Exercise details: Please copy out the full listing that follows exactly; no picture belongs in the copy.

Information supplied:
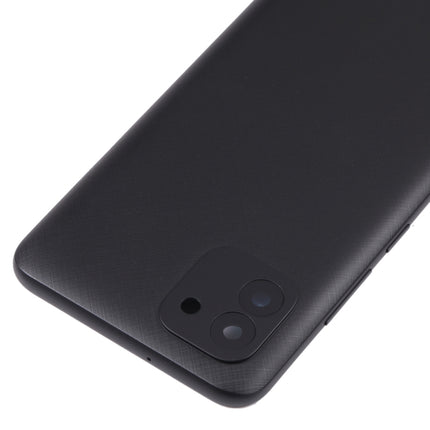 For Samsung Galaxy A03 SM-A035F Battery Back Cover (Black)-garmade.com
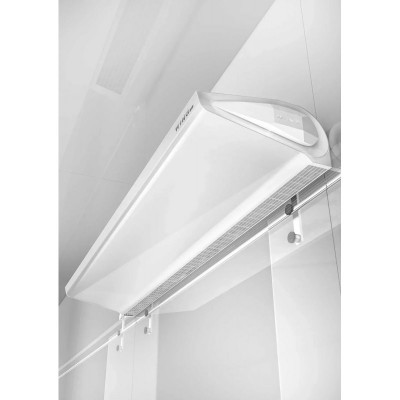 Повітряна теплова завіса Wing W200 двигун змінного струму AC 17-47 кВт з водяним теплообмінником біла Повітряна теплова завіса Wing W200 двигун змінного струму AC 17-47 кВт з водяним теплообмінником біла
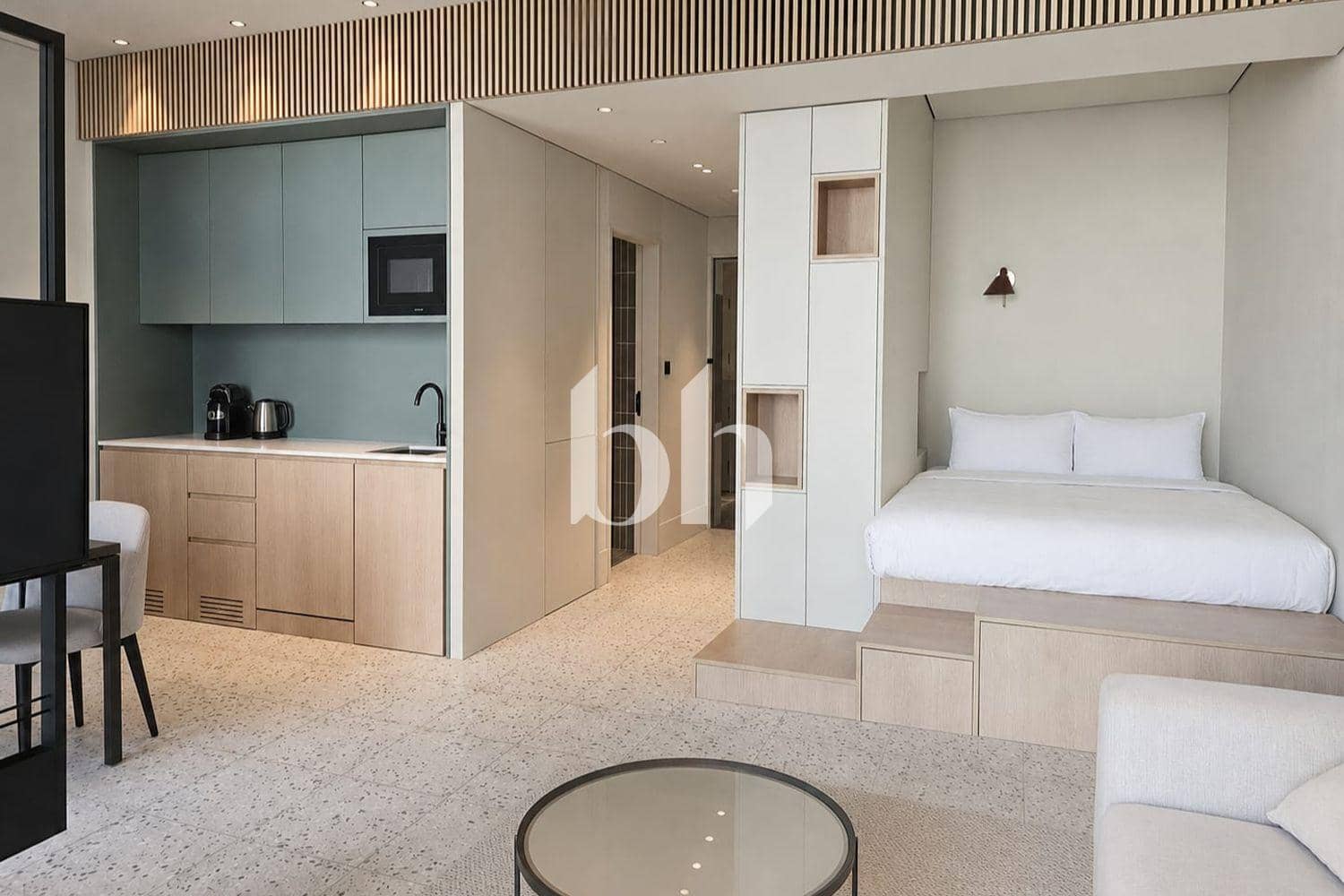 Studio Apartment in Upside Living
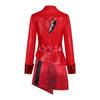 Cosplay Descendants 1 Dark Wonderland Little Red Cos Clothes Red Queen Red Princess Halloween Cosplay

Task result:
 For Samsung Galaxy A03 SM-A035F Battery Back Cover (Black)-garmade.com
 Повітряна теплова завіса Wing W200 двигун змінного струму AC 17-47 кВт з водяним теплообмінником біла Повітряна теплова завіса Wing W200 двигун змінного струму AC 17-47 кВт з водяним теплообмінником біла
 Studio Apartment in Upside Living
 Cosplay Descendants 1 Dark Wonderland Little Red Cos Clothes Red Queen Red Princess Halloween Cosplay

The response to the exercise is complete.